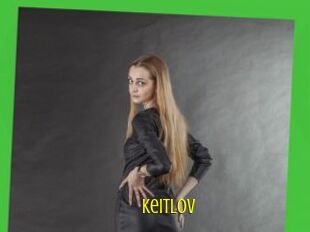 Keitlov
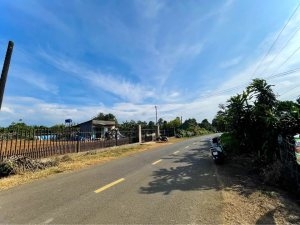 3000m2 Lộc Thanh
####
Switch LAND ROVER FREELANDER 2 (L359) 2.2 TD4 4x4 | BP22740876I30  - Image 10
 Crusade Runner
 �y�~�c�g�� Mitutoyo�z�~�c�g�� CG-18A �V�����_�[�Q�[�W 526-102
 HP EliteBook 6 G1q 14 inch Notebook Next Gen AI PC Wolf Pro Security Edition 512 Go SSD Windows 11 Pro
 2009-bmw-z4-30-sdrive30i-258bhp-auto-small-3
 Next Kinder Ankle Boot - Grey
####
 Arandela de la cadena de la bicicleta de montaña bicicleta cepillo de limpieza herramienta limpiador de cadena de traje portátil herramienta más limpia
####
> _Problem description_: Restate word for word the entries above from the line with "CG-18A �V�����_�[�Q�[�W 526-102" through the line with "Next Kinder Ankle Boot - Grey", inclusive, leaving out everything else.

> _Answer_:
 �y�~�c�g�� Mitutoyo�z�~�c�g�� CG-18A �V�����_�[�Q�[�W 526-102
 HP EliteBook 6 G1q 14 inch Notebook Next Gen AI PC Wolf Pro Security Edition 512 Go SSD Windows 11 Pro
 2009-bmw-z4-30-sdrive30i-258bhp-auto-small-3
 Next Kinder Ankle Boot - Grey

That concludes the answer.